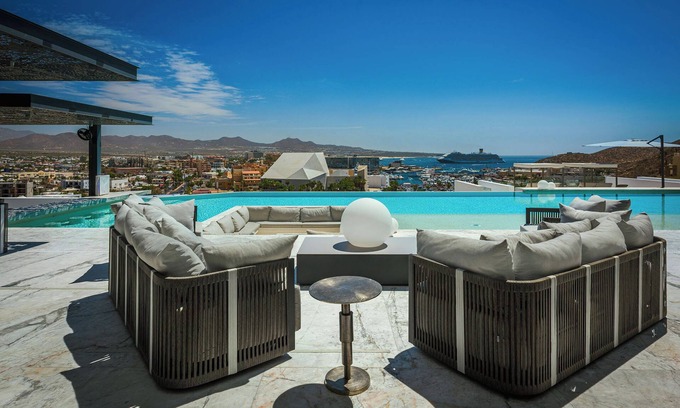 Pedregal House | Modern Mansion- Pedregal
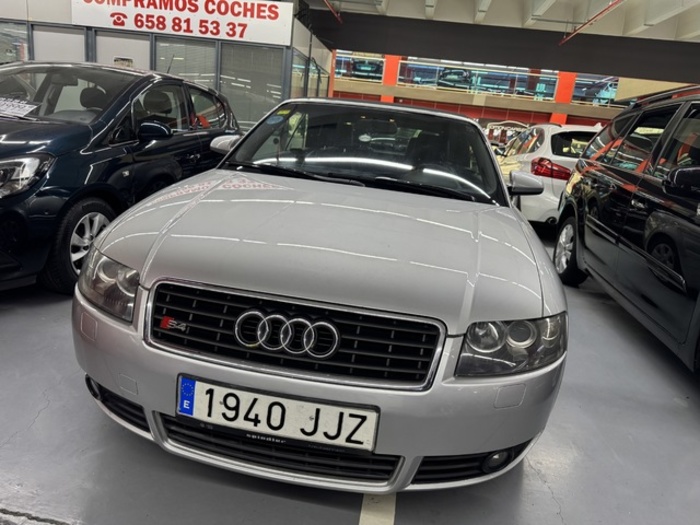 AudiA4 Cabrio 2.4 125 kW (170 CV) Vehículo usado en Barcelona - 4 AudiA4 Cabrio 2.4 125 kW (170 CV) Vehículo usado en Barcelona - 4
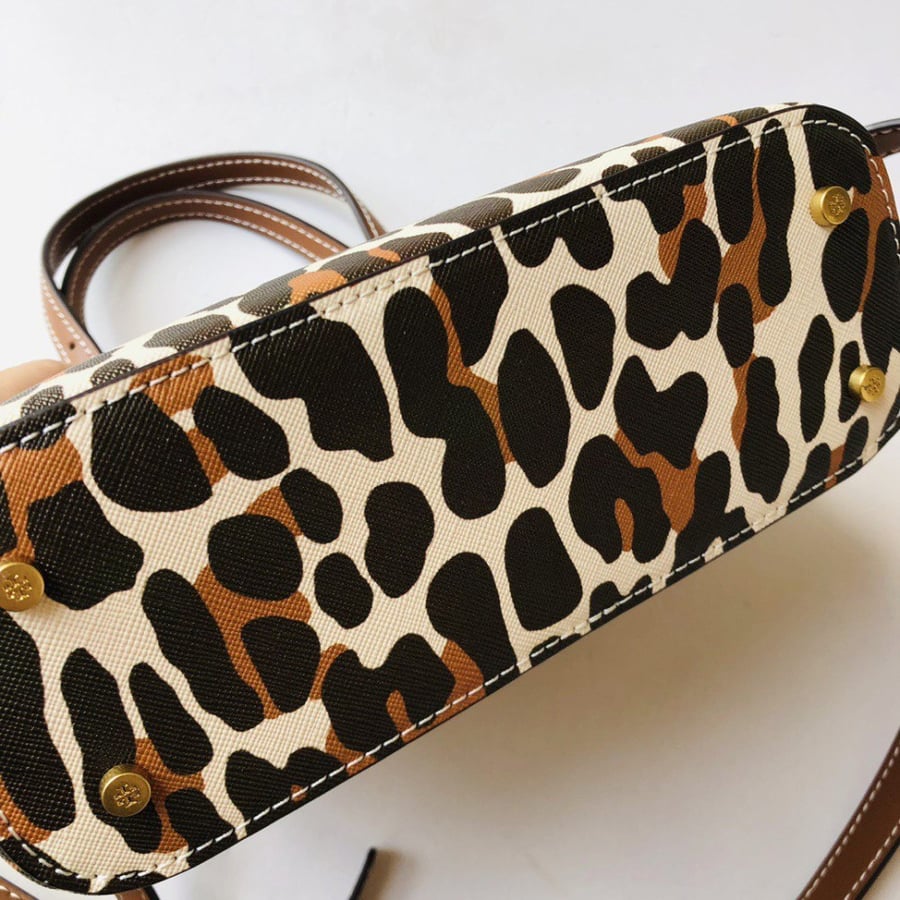 شنطة نسائية ماركة Toryburch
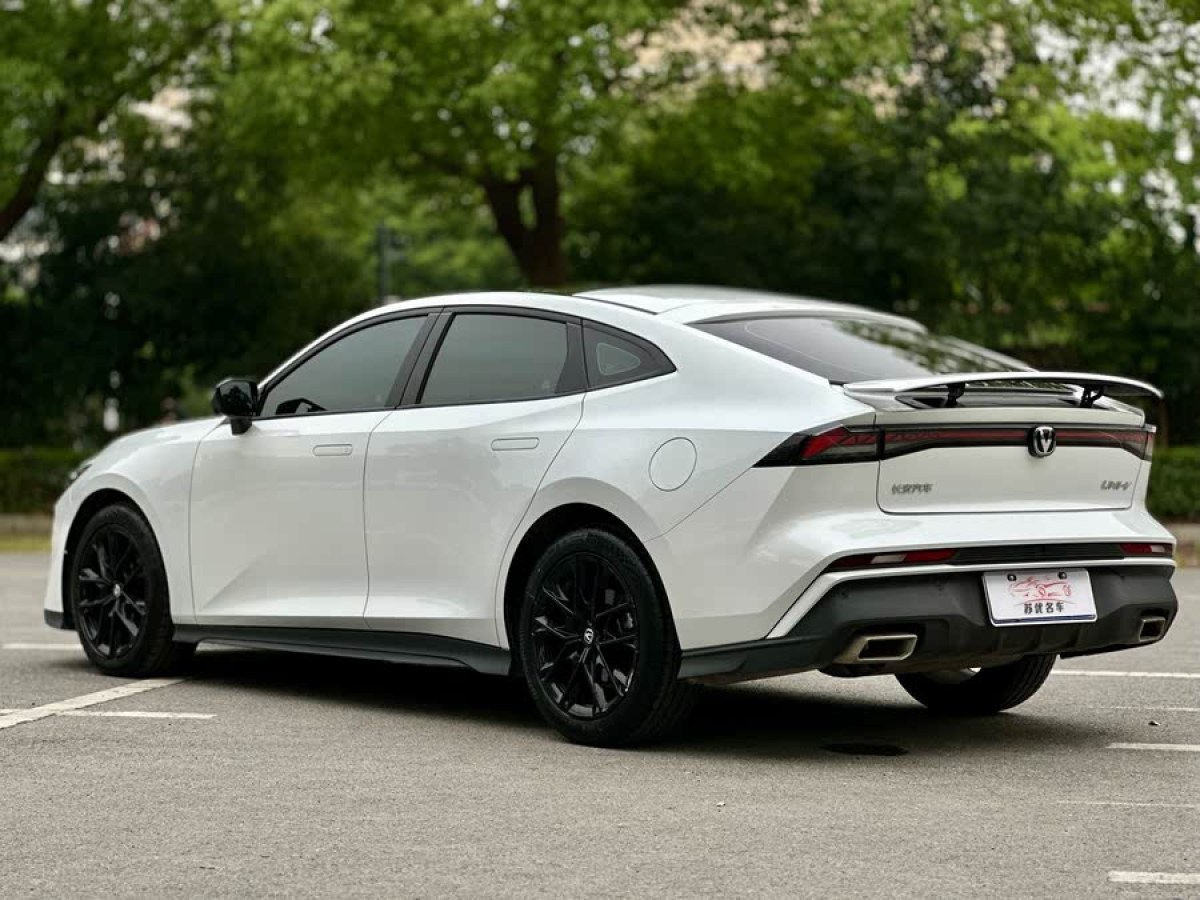 長安 長安UNI-V  2024款 1.5T 尊貴型圖片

■ ■ ■ ■

» TASK TO COMPLETE: Write out everything in the data word for word. Omit each picture.

» WRITTEN SOLUTION:
 Pedregal House | Modern Mansion- Pedregal
 AudiA4 Cabrio 2.4 125 kW (170 CV) Vehículo usado en Barcelona - 4 AudiA4 Cabrio 2.4 125 kW (170 CV) Vehículo usado en Barcelona - 4
 شنطة نسائية ماركة Toryburch
 長安 長安UNI-V  2024款 1.5T 尊貴型圖片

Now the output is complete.